These are used for applying hardware of all descriptions; also for panel work, cabinet work, all types of fine finish work, and support of electric and plumbing fixtures. Screws have greater holding power than nails and permit easy removal and replacement of parts without injury to the wood or finish. Screws avoid danger of splitting the wood or marring the finish, when the screw holes are bored with a bit.
Screws are made in a large variety of sizes and shapes to suit different uses (Fig. 11.86) and they are made of different metals to match various materials. A muchused type of head, other than the ordinary single-slot type, is the Phillips head, which has two countersunk slots at right angles to each other. The head keeps the screwdriver exactly centered during driving and also transmits greater driving power to the screw, while holding the screwdriver firmly on the head. Phillips heads are smoother at the edges, because the slots in the head do not extend to the outer circumference.

Steel screws for wood vary in length from 1⁄4 to 6 in.

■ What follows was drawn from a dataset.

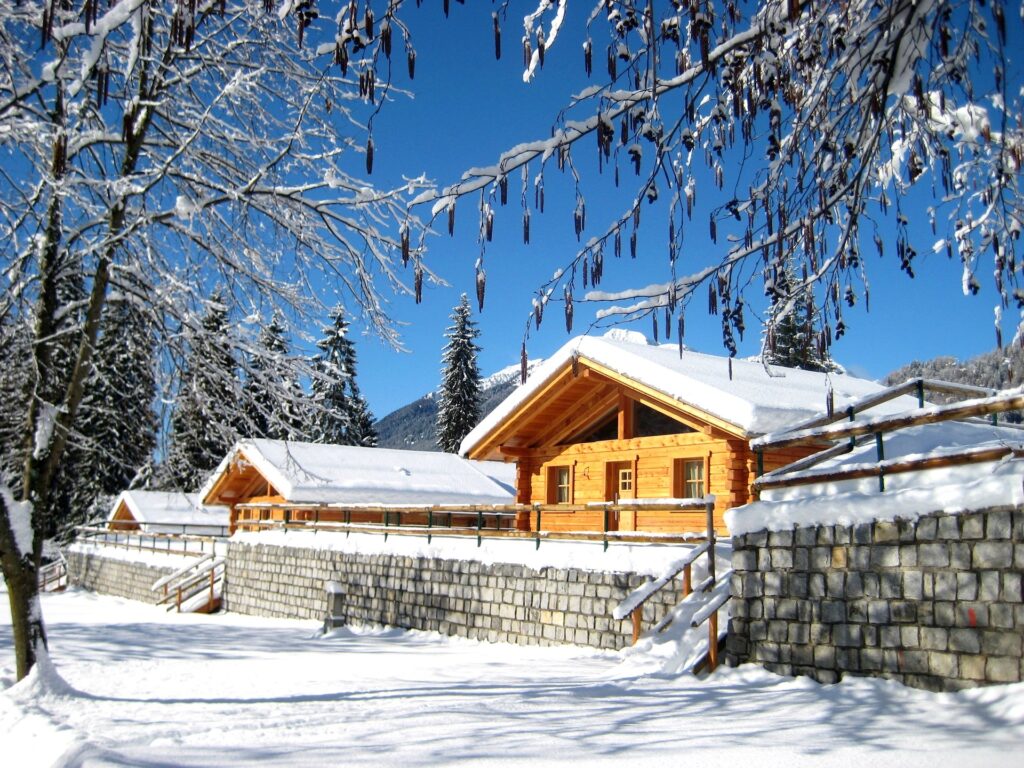 Vista panoramica chalet con neve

Each length is made in a variety of thicknesses. Heads may be ordinary flat (for countersinking), round, or oval.
Parker screws for securing objects to thin metal are self-threading when screwed into holes of exactly the correct size.

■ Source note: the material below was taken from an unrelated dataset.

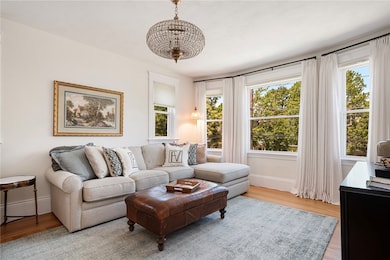 127 Irving Ave unit 4, Providence, RI 02906 - photo 4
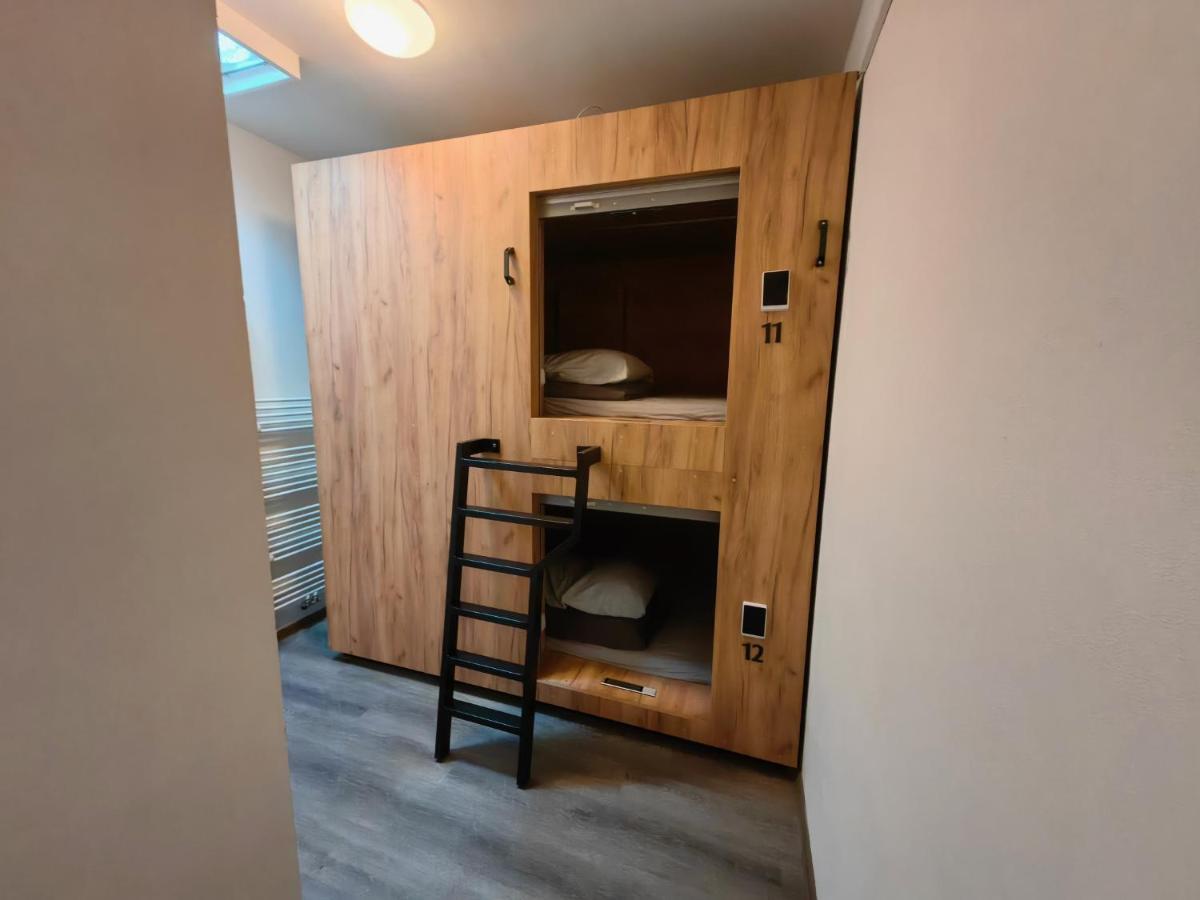 Capsule Hostel Erbenova Prague Extérieur photo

Sizes of screws are given in inches of length and the gage of the diameter.
Lengths vary by eighths of an inch up to 1 in, by quarters from there up to 3 in, and by halves from 3 to 5 in. Unlike wire gages, the smallest diameter of a screw gage is the lowest number; the larger the number, the greater is the diameter in a screw gage. Gage numbers range from 0 to 30.

Lag screws are large, heavy screws used for framing timber and ironwork (Figs. 11.86 and 11.89). Lengths vary from 11⁄2 to 12 in and diameters from 5⁄16 to 1 in.

Two holes should be bored for lag screws, one to take the unthreaded shank without  binding and the other (a smaller hole) to take the threaded part. This smaller hole is usually somewhat shorter in length than the threaded portion. Lag screws usually have square heads and are tightened with a wrench.